Sobre la resiliencia
Por estos días se habla mucho sobre la resiliencia. El presidente y sus funcionarios exaltan a las comunidades colombianas como resilientes; dicen que “saben transformar las adversidades en oportunidades”. Desde la posesión de Duque el vocablo se irradia como parte de la retórica oficial. Hace unas semanas, durante la instalación de un foro sobre derechos humanos, Duque volvió a referirse al tema. Dijo: “por la condición de resiliente, Colombia y los colombianos logran salir adelante”.
Para aquellos que están perdidos, la resiliencia es un anglicismo que proviene de la palabra resilience. Primariamente, la palabra denota la cualidad de las cosas de recuperar su forma original después de estar expuestas a una presión o una fuerza externa, como lo hacen los resortes. Aplicada en el campo psicológico y en otras ciencias sociales, la palabra se refiere a la capacidad de las personas de sobreponerse a los problemas o a las tragedias.
Ciertamente es extraordinario que las comunidades colombianas logren sobrevivir entre tanta violencia y sufrimiento, y que continúen exhibiendo formas de cohesión social y movilización. Es un proceso que las comunidades hubieran preferido no recorrer. Por más de que se admire su tenacidad y su persistencia, no podemos olvidar que resisten y sobreviven de esta manera, en respuesta a la falta de protección y la ausencia de garantías (que debería brindar el Estado).
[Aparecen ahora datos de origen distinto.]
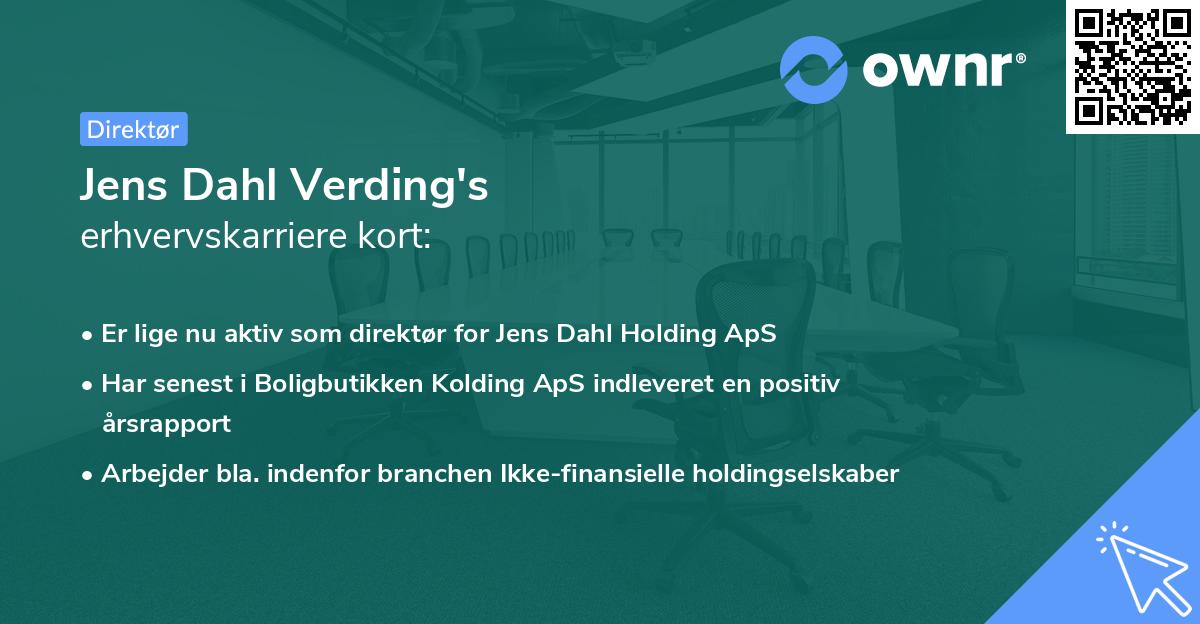 Jens Dahl Verding's erhvervskarriere kort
Uno de los problemas con la celebración de la resiliencia es que no estamos cerca de cerrar el ciclo de violencia y permitir que las comunidades resurjan. Muchas comunidades están expuestas a regímenes de violencia: viven sometidas por el miedo, desprotegidas por el Estado, expuestas a una próxima y previsible matazón. Estas comunidades no se han sobrepuesto a la atrocidad porque la atrocidad no se ha extinguido. La barbarie sigue calificando su existencia, y amenaza con volverlas a herir.
Celebremos la resiliencia cuando no sea un sinónimo de supervivencia, cuando las garantías de protección sean reales, cuando se pueda disentir sin miedo, cuando las comunidades puedan recuperarse y proyectar una vida digna. Por el momento, la destrucción de vidas y del tejido social sigue en apogeo.
Exaltar la resiliencia de las comunidades mientras sus verdugos siguen activos es insensato; como lo es observar, con admiración, cómo le propinan golpes de manera reiterada a una comunidad, mientras nadie hace nada, y exaltar a la comunidad porque se levanta golpe tras golpe, como un resorte. Esto es ser connivente con un crudo proceso de domesticación que a golpe de violencia somete y destruye.
Las personas que viven en lugares marcados por la ultraviolencia no tienen alternativas; viven ahí porque les toca, no porque quieren. El ciclo activo de violencia no permite la reconstrucción de un proceso social con dignidad. Esto no es resiliencia. Hablemos de resiliencia cuando sea factible que el Estado ampare y proteja, cuando la gente pueda proyectar proyectos de vida que no estén condicionados por la violencia.
En la medida en que las autoridades no logran interrumpir el ciclo de violencia, su celebración de la resiliencia se convierte en una exaltación de la miseria humana. Es un torcido reconocimiento que implica un “tome pa’ que lleve, y sepa que los golpes seguirán viniendo”.
En las condiciones actuales, esta tergiversación es una receta para aceptar la atrocidad como una inevitabilidad y promover un proceso de reacción social que normaliza la violencia.